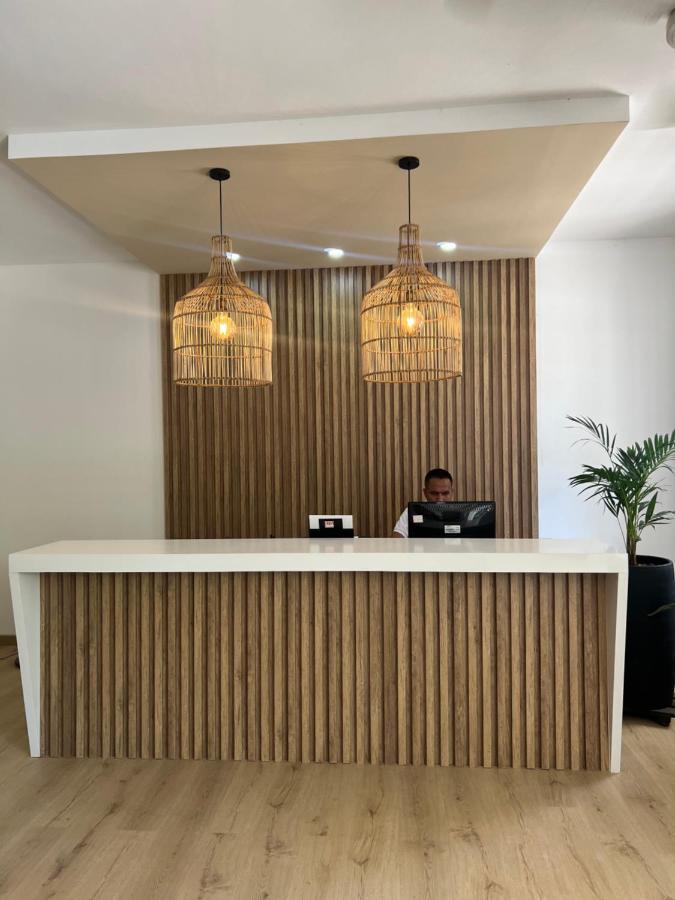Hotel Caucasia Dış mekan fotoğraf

•••••

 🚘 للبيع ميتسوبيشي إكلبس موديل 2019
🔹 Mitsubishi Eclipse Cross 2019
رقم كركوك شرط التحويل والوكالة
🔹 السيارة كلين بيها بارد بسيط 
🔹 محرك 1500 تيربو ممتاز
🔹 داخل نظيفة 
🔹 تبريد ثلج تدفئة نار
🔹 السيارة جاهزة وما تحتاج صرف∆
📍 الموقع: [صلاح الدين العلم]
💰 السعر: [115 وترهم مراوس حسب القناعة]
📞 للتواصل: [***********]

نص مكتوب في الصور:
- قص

•••••

## What the task requires
Go through the entries and count the lines where the word "السيارة" appears; give only the count.

## Solved problem
2